Brazil’s Oi said it is taking actions to ensure it is able to “participate in the industry consolidation process in Brazil”, and that it is “carefully assessing all the available alternatives in order to identify the most efficient structure in terms of value creation for its shareholders and for all of its stakeholders”.
The company said that the expected sale of PT Portugal (dependent on shareholder approval at a meeting scheduled for early January), together with the sale of another set of mobile towers, concluded this month, will significantly cut its debt and strengthen its financial flexibility.
“Oi is one of the three integrated companies in Brazil and is very well positioned to face the industry challenges and to capture the market opportunities, leveraging its ability to provide convergent services by offering complete service packages to its customers,” it said in a statement.
According to Reuters, Oi will ask bondholders to temporarily loosen restrictions on debt levels, in order to give it the most flexibility in merger talks.
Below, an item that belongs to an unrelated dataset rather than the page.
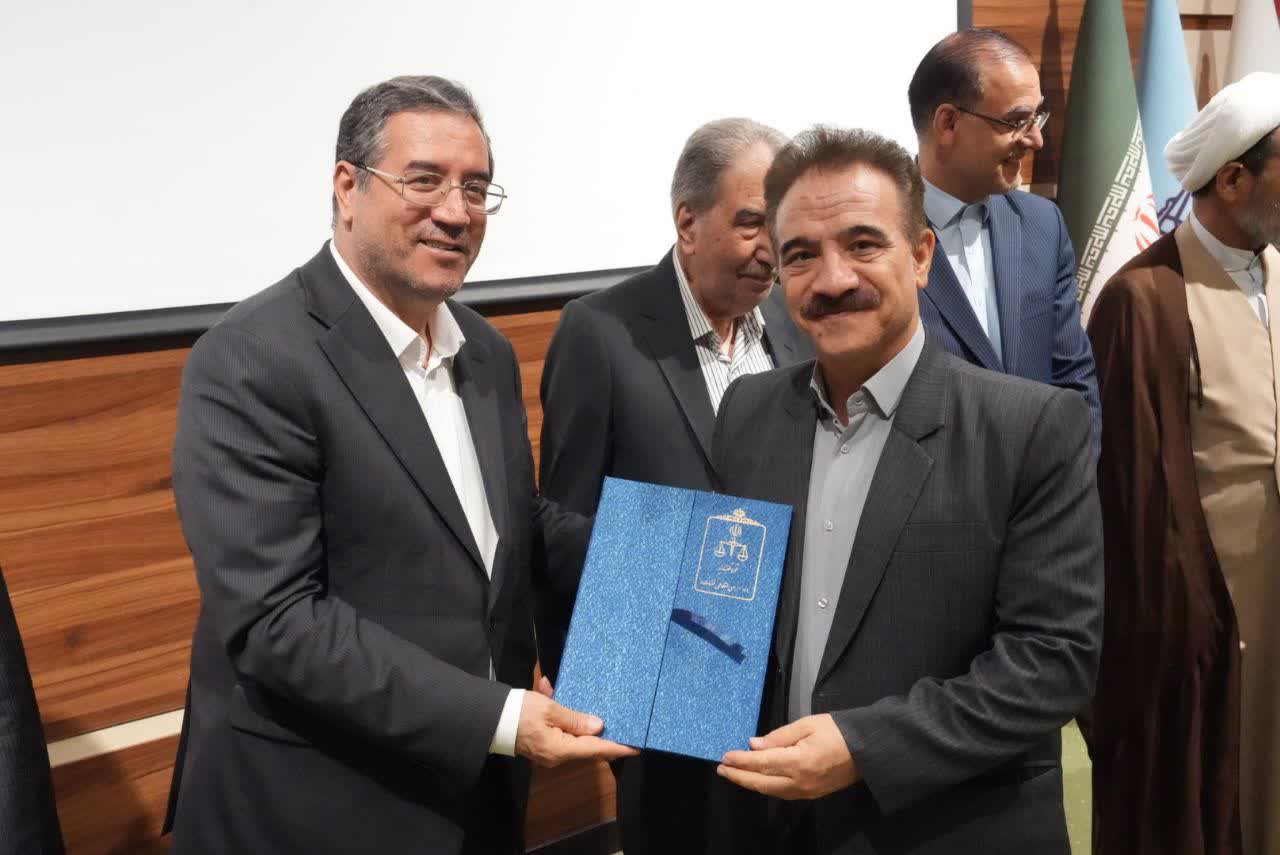 تجلیل از قضات و کارکنان نمونه دادگستری آذربایجانغربی + تصاویر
Oi has previously been linked with a joint bid for Telecom Italia’s Brazilian arm TIM, in partnership with America Movil and Telefonica, although Oi has played down the maturity of this deal.
TIM and Oi have been seen as natural partners due to their strengths in mobile and fixed markets respectively, with Telecom Italia seemingly supportive of such a plan.
Ambitious telecoms firm Altice is currently in negotiation with Oi to acquire its Portuguese assets.
Oi also said that its performance in October and November confirms its opinion that it has hit an “inflection point”, in line with an “operational turnaround process”.
The company said it saw a “routine EBITDA” from its Brazilian business of BRL544 million ($201.8 million), up 3.8 per cent, on revenue of BRL2.33 billion, up 3.7 per cent.